Kubernetes Monitoring Best Practices

Kubernetes can be installed using different tools, whether open-source, third-party vendor, or in a public cloud. In most cases, default installations have limited monitoring capabilities. Therefore, once a Kubernetes cluster is running, administrators must implement monitoring solutions to meet their requirements.

Typical use cases for Kubernetes monitoring include:

Ensuring workload reliability
Achieving high-level visibility into your workload
Alerting and enabling incident management

Effective Kubernetes monitoring requires a mix of tools, strategy, and technical expertise. To help you get it right, this article will explore seven essential Kubernetes monitoring best practices in detail.

Summary of key Kubernetes monitoring best practices concepts

The table below summarizes the Kubernetes monitoring best practices we will explore in this article.

Concept: Monitoring vs. observability
Description: Observability means gaining insights into your workload’s performance using external indicators. Monitoring means checking such indicators over time.

Concept: Determining requirements
Description: Accurately determine your requirements and monitoring goals.

Concept
Identify appropriate metrics
Description
Identify which metrics you need to achieve your monitoring goals.

Concept: Select the right tools
Description: Selecting the right tools given your requirements is a critical best practice. A main decision here is whether to build something in-house using open-source software or buy a more complete SaaS solution with better support.
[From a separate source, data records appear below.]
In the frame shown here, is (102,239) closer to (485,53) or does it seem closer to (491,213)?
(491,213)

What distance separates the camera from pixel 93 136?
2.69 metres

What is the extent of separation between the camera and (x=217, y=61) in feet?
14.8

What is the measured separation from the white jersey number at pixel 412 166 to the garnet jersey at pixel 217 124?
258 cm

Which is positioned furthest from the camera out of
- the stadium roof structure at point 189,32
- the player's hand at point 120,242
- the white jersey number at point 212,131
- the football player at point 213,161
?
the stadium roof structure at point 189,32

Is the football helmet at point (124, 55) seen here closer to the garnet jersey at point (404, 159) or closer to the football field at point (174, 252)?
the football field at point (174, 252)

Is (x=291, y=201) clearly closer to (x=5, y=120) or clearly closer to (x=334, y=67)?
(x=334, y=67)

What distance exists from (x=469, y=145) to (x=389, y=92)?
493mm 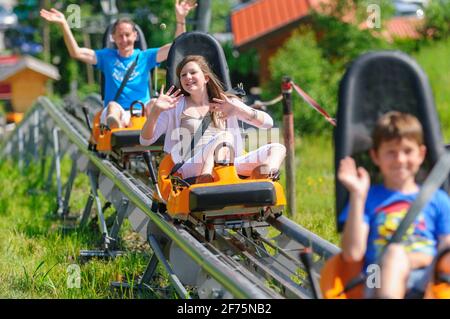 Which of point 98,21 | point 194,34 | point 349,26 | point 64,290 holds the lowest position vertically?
point 64,290

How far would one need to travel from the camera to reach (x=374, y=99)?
391 centimetres

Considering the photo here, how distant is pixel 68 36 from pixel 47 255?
198 cm

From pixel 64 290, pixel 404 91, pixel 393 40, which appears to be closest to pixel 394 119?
pixel 404 91

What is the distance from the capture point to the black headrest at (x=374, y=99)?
12.7 ft

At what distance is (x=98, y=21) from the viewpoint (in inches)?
1189

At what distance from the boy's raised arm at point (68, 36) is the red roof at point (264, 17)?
11.8m

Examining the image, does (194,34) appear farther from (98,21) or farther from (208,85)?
(98,21)

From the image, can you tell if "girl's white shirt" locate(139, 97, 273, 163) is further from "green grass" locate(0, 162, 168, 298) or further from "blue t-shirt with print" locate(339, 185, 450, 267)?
"blue t-shirt with print" locate(339, 185, 450, 267)

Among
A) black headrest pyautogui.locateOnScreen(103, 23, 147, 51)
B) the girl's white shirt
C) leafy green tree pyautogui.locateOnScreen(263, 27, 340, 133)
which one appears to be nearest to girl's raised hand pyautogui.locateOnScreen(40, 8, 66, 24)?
black headrest pyautogui.locateOnScreen(103, 23, 147, 51)

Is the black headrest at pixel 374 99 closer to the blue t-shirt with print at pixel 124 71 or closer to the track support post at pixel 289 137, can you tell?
the track support post at pixel 289 137

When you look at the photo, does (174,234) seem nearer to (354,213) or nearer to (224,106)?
(224,106)

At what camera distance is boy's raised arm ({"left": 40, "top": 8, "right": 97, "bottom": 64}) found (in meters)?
7.35

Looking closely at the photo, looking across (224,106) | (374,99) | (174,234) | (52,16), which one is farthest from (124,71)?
(374,99) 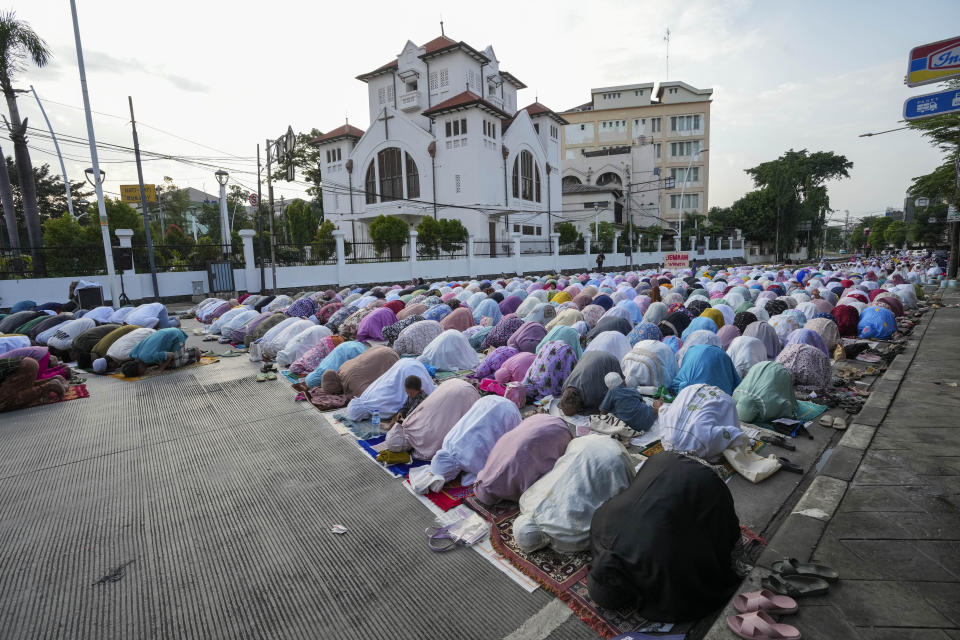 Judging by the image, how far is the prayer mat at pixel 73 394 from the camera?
7.12m

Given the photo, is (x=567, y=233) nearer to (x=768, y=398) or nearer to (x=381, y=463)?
(x=768, y=398)

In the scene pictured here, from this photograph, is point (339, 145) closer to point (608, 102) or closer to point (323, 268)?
point (323, 268)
Concept: Monitor the monitoring system
Description: In a production workload, it is important to monitor the monitoring system itself to ensure it is reliable and highly available.

Concept: Consider data storage
Description: Monitoring data must be stored and managed effectively.

Concept: Monitor the control plane
Description: Monitoring the Kubernetes control plane is easy to overlook, so teams should be intentional about control plane monitoring.

Concept: Account for incident response
Description: Monitoring outputs can enhance incident response coordination, which can reduce MTTR (mean time to resolve).

Monitoring vs. observability

Before we go into more detail, let’s unpack an often confusing topic, monitoring vs. observability. The term “monitoring” is more traditional and covers the collection of metrics and logs used to monitor the application infrastructure components. The idea is to “monitor” a workload by constantly evaluating the real-time performance of its underlying infrastructure.

Observability is a relatively new concept, and even though it overlaps with monitoring, its end goal is to isolate a performance bottleneck along a transaction path instead of monitoring the application infrastructure. Observability gained traction in application environments designed based on the paradigm of microservices, where an application comprises modularized services hosted in ephemeral containers and interacting with each other via application programming interfaces (API). In such an environment, monitoring the servers and containers in isolation isn’t meaningful, so a new perspective was required, giving rise to the notion of observability.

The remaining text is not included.